Nascimento destaca, porém, que o envelhecimento sozinho não é responsável por toda a incapacitação que afeta os brasileiros em seus últimos anos de vida. Segundo ele, muitos destes problemas têm na sua raiz maus hábitos cultivados durante anos por suas vítimas, como dietas ruins, sedentarismo e tabagismo, conhecidos como fatores modificáveis que, se abandonados, podem melhorar em muito a qualidade de vida em seu crepúsculo.

— Por isso estes fatores modificáveis devem ser foco de políticas públicas para seu combate aqui no Brasil, do mesmo modo que têm sido em vários outros países do mundo — defende.

Opinião parecida tem Itamar de Souza Santos, também professor da Escola de Medicina da USP, integrante do Centro de Pesquisa Clínica e Epidemiológica da instituição e mais um colaborador brasileiro da série de estudos.

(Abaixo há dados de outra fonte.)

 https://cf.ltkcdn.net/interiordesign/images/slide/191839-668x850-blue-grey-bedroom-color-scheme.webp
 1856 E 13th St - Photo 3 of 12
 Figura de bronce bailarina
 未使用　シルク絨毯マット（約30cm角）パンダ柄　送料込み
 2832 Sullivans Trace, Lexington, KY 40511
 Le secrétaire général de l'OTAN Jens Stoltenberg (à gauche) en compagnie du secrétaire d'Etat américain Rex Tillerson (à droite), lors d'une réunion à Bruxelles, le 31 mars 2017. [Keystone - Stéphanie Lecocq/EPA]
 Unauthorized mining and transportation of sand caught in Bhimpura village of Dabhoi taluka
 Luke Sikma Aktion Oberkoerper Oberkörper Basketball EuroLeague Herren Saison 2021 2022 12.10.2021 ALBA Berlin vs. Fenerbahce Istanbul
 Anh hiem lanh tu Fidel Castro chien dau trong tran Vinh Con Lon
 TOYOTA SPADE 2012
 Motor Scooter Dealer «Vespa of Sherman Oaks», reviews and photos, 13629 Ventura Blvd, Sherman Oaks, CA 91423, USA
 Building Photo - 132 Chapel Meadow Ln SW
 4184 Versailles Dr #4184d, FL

— Principalmente desde o início do século XX, uma série de razões influenciou o aumento da expectativa de vida das populações: redução da mortalidade infantil, melhora das condições sanitárias, melhor controle das doenças infecciosas e, também, melhora dos tratamentos médicos disponíveis — diz. — Entretanto, em consequência do envelhecimento populacional, e um avanço menos intenso na prevenção de doenças crônicas e seus fatores de risco, esse aumento da expectativa de vida também se acompanhou de um aumento no número de anos vividos com incapacitação, ou seja, com alguma condição com repercussão na qualidade de vida dos indivíduos.

Diante disso, Santos crê que será prioridade de governos e da ciência nas próximas décadas encontrar maneiras de atacar estes problemas.

— Acredito que no século XXI a busca por melhorar a qualidade de vida das pessoas vai influenciar decisivamente a organização dos sistemas de saúde, bem como a pesquisa e ensino dos profissionais da área — conclui.